Data section section start

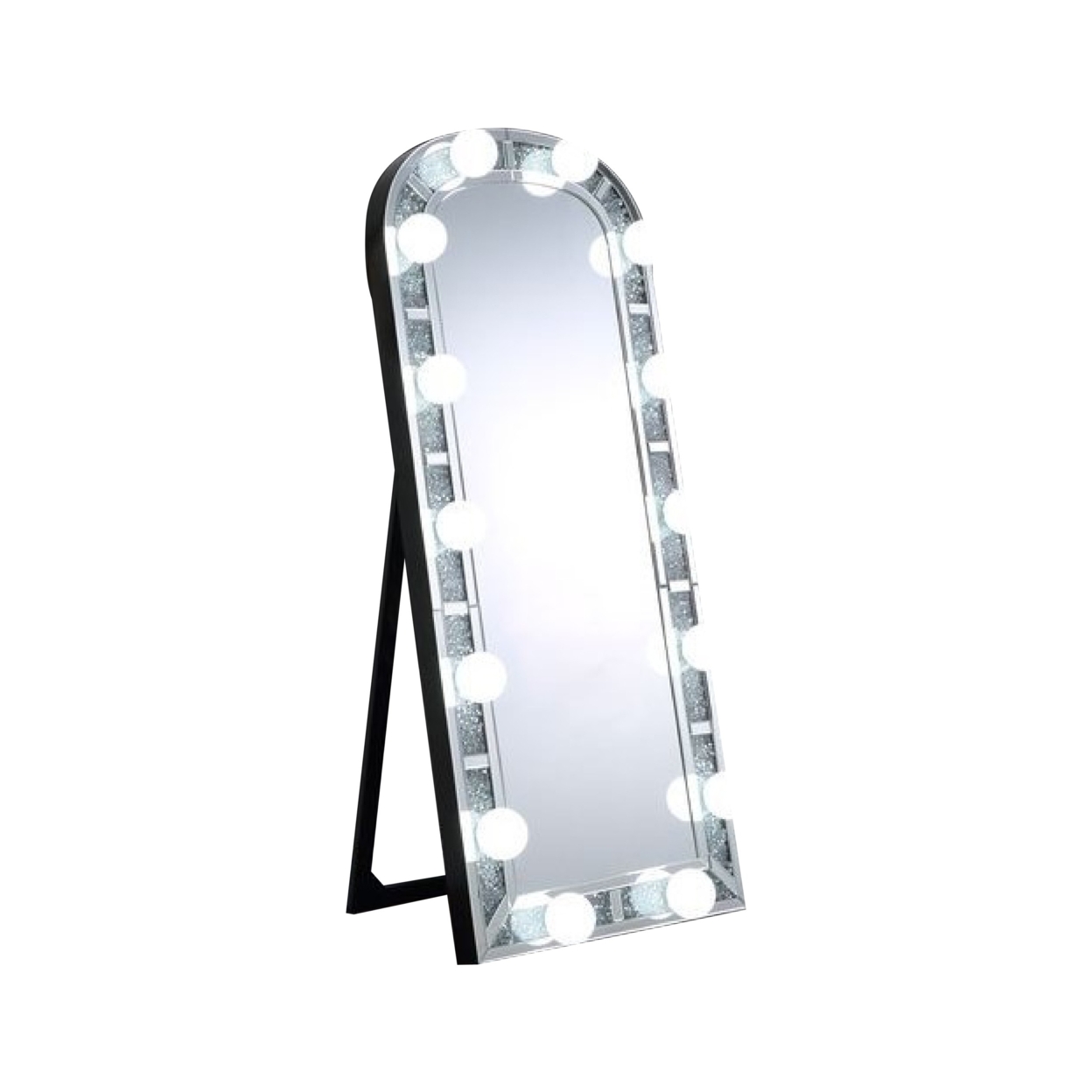 Noe 63 Inch Floor Mirror, Arched, Faux Diamond, LED, Silver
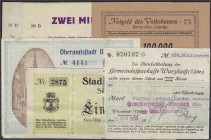 Lots
Deutschland
6 bessere Infla-Scheine: 100 T. Mark des Volkshauses Borna (bez. Leipzig) August 1923, 1 Billion Mark Neu-Ulm. 15.11.1923, 2 X 2 Mi...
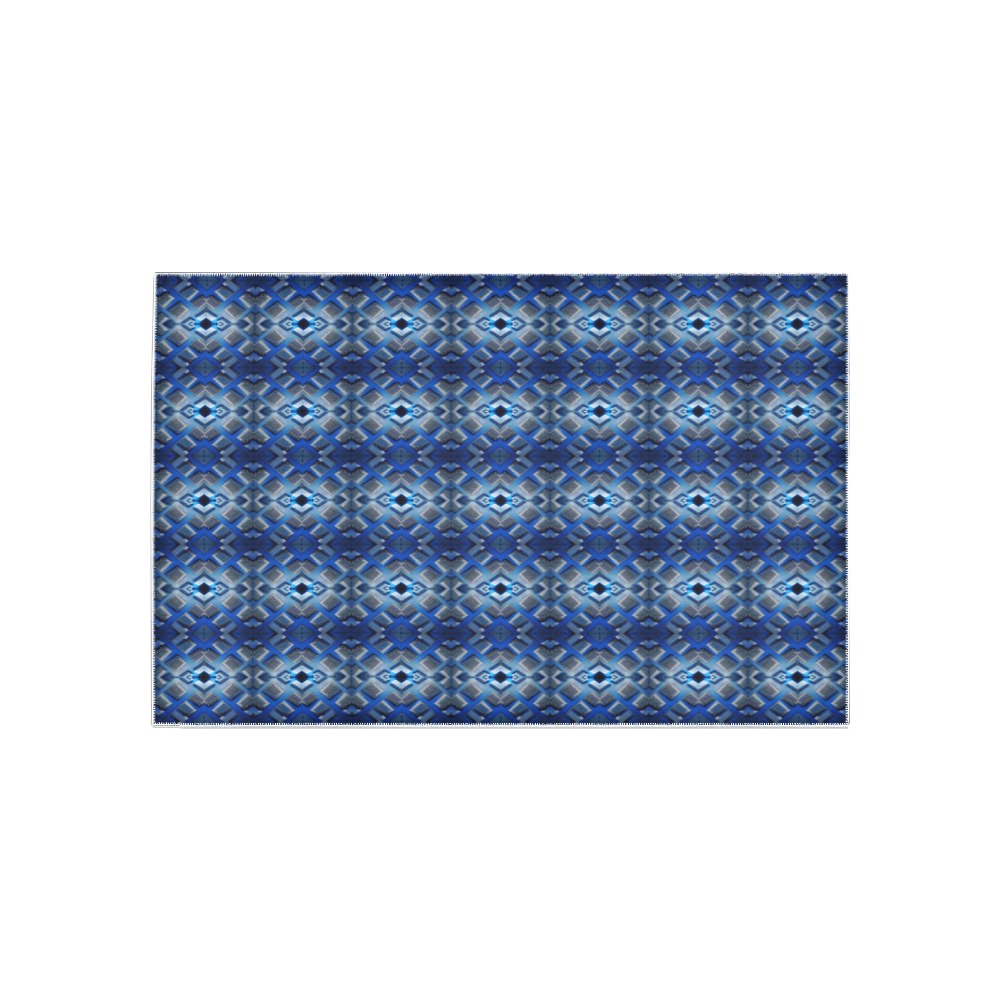 blue and white repeating pattern Area Rug 5'x3'3''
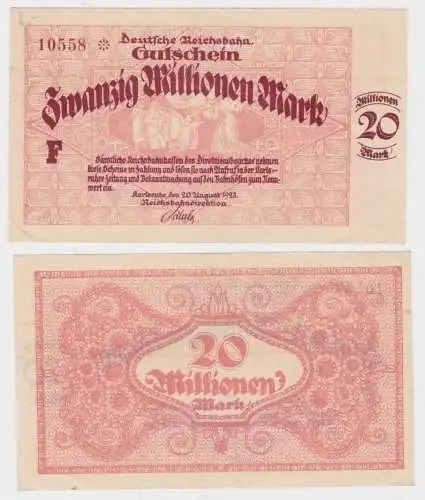 20 Millionen Mark Banknote Reichsbahndirektion Karlsruhe 20.08.1923 (140377)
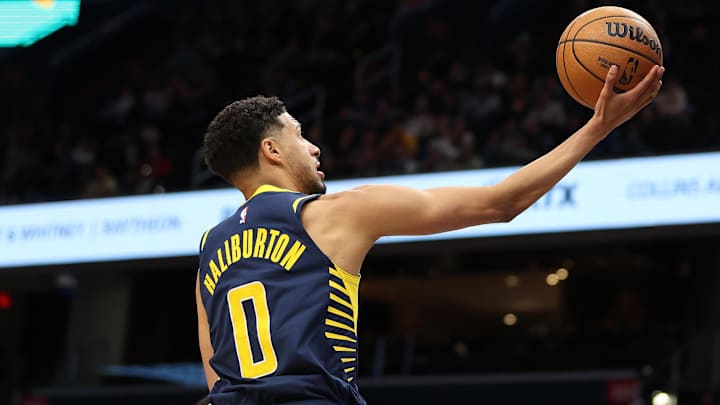 Mar 27, 2025; Washington, District of Columbia, USA; Indiana Pacers guard Tyrese Haliburton (0) shoots during the second half against the Washington Wizards at Capital One Arena. Mandatory Credit: Daniel Kucin Jr.-Imagn Images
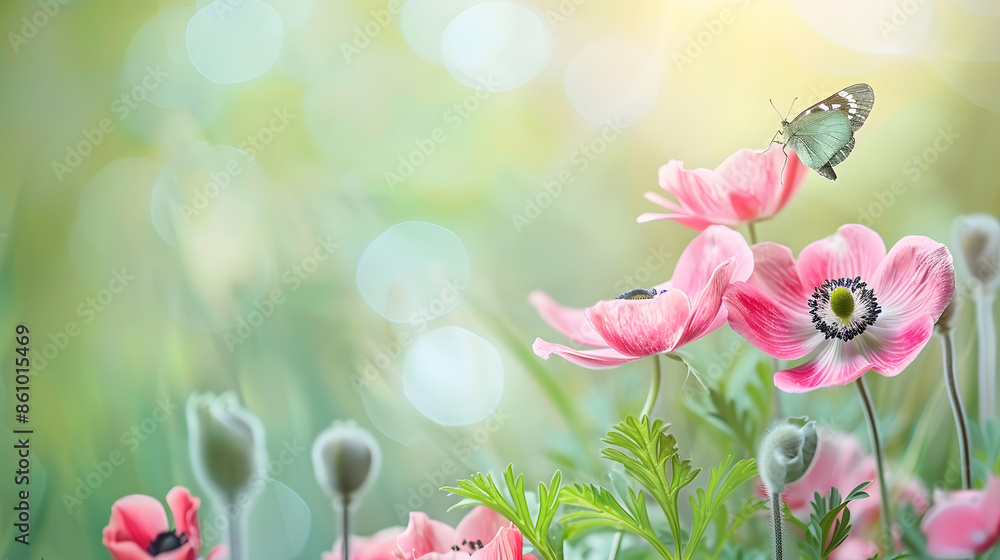 Poster beautiful pink flower anemones fresh spring morning on nature and fluttering butterfly on soft green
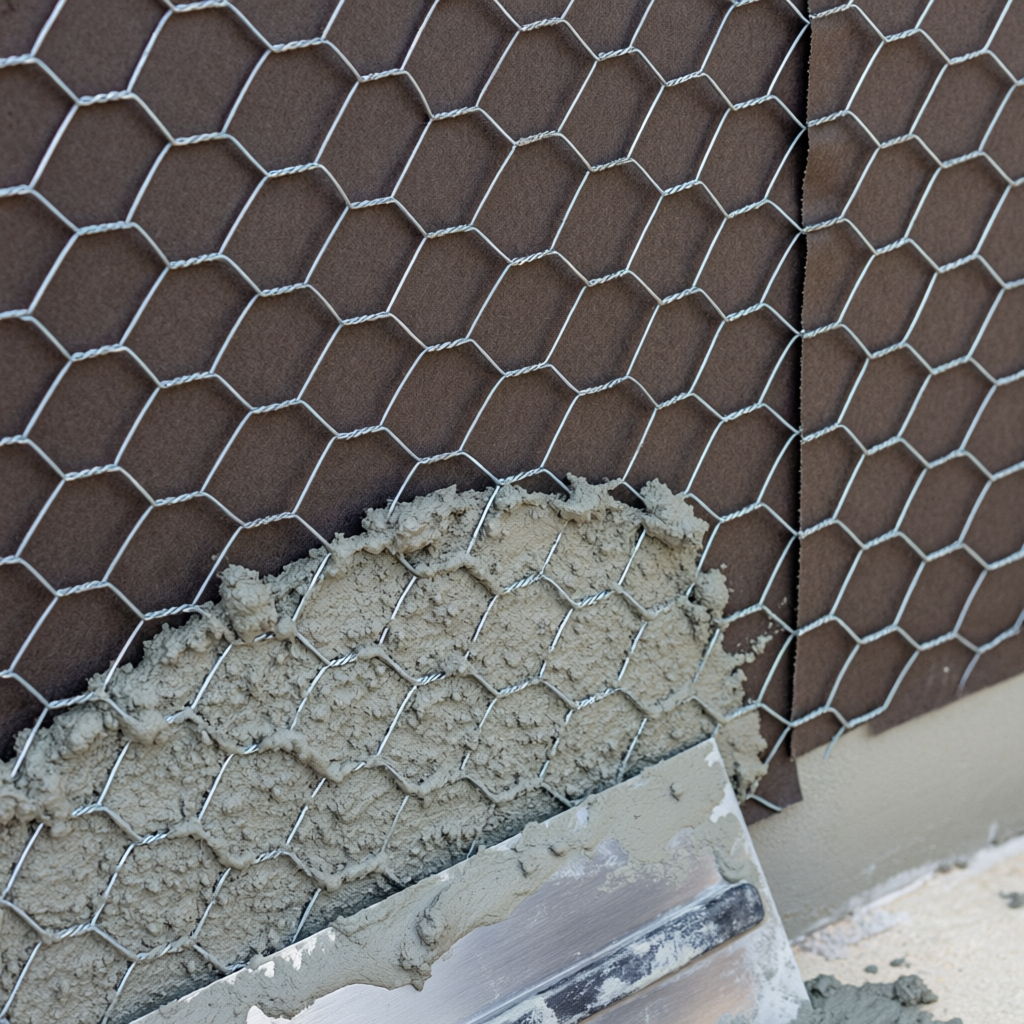 Three-coat exterior stucco wall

Data section section end

Activity —
Repeat each line above exactly. The pictures stay out.

Result of this task —
 Noe 63 Inch Floor Mirror, Arched, Faux Diamond, LED, Silver
 Lots
Deutschland
6 bessere Infla-Scheine: 100 T. Mark des Volkshauses Borna (bez. Leipzig) August 1923, 1 Billion Mark Neu-Ulm. 15.11.1923, 2 X 2 Mi...
 blue and white repeating pattern Area Rug 5'x3'3''
 20 Millionen Mark Banknote Reichsbahndirektion Karlsruhe 20.08.1923 (140377)
 Mar 27, 2025; Washington, District of Columbia, USA; Indiana Pacers guard Tyrese Haliburton (0) shoots during the second half against the Washington Wizards at Capital One Arena. Mandatory Credit: Daniel Kucin Jr.-Imagn Images
 Poster beautiful pink flower anemones fresh spring morning on nature and fluttering butterfly on soft green
 Three-coat exterior stucco wall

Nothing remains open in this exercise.